Russian Prime Minister Mikhail Fradkov has named five priorities for his government in the social and economic sphere and in foreign policy.
"The first priority is to increase living standards of the population," he said at a government session, when presenting the Cabinet's mid-term plan of work.
Fradkov pointed to the need to turn the housing sector from the social sphere into an engine of economic growth.
"Secondly, we have to lift restrictions, to eliminate bottlenecks of the economic growth, including in the infrastructure," he said.
According to the Prime Minister, to achieve this it is necessary to work out strategic investment projects and programs attracting both state and business resources.
He also pointed to the need to increase competitiveness of Russian companies and private businesses, as well as to the importance to support regional strategies of social and economic development. "We have to mobilize resources of growth of regions and municipalities," he said.

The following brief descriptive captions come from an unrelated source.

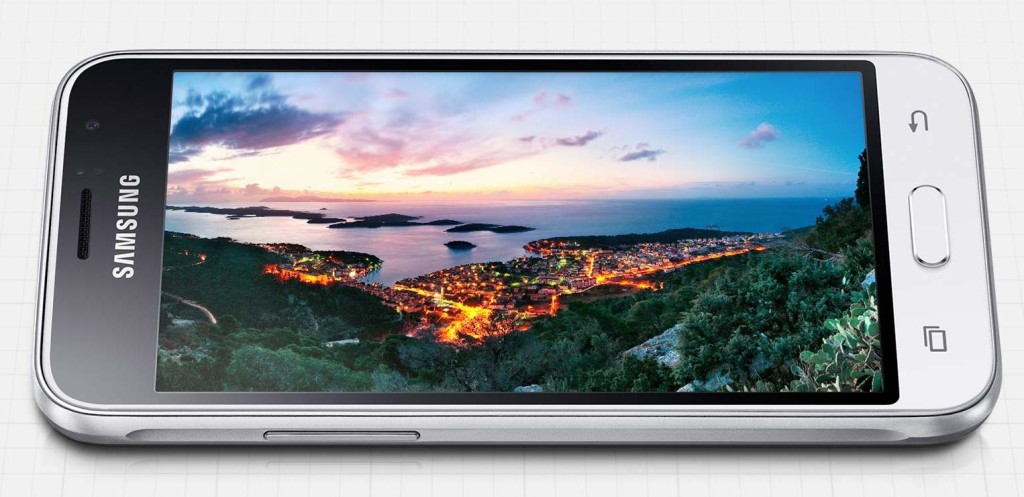 Samsung Galaxy J1 (2016) -3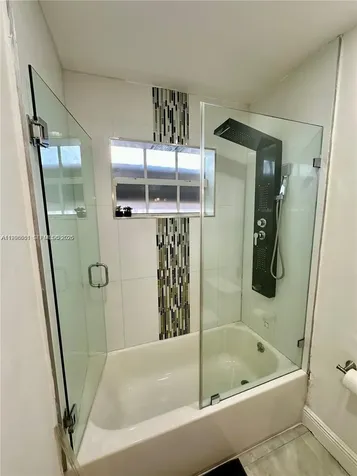 5424 Garfield Street Hollywood FL 33021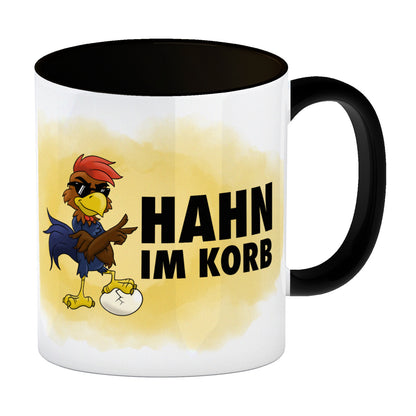 Hahn im Korb Kaffeebecher Schwarz Das einzigartige Cartoon-Motiv eines Hahns macht diesen Kaffeebecher zu einem echt ausgefallenem Geschenk für Kollegen, Familie und Freunde die vielleicht alleine als Hahn im Korb sitzen. mit Cartoon-Hahn, Aufschrift Moti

"And, finally, our priority is to rationally integrate Russia in the global economy," Fradkov pointed out.
The inert development of the Russian economy of the last three years has been exhausted, he believes.
"Inertia will not allow us to achieve the goals set by the President, to double GDP, to decrease poverty, to increase prosperity and to modernize the army," Fradkov said.
He cited a forecast by the Economic Development Ministry, according to which GDP growth in 2005-2007 without modernization of main industries will be 5-6%, and with a deteriorating foreign situation (mainly, plummeting of international oil prices) no more than 4%.
"So we face a task of building a vertical of programmed and targeted administration, where ministries and departments make their proposals on sources of economic growth," the Prime Minister emphasized.
For example, the growth pace can be raised by 2-3% by projects in breakthrough areas, he believes.
"For this we need to use scientific, technical and manpower potential of the country, a considerate macroeconomic policy and balanced budget policy," he concluded.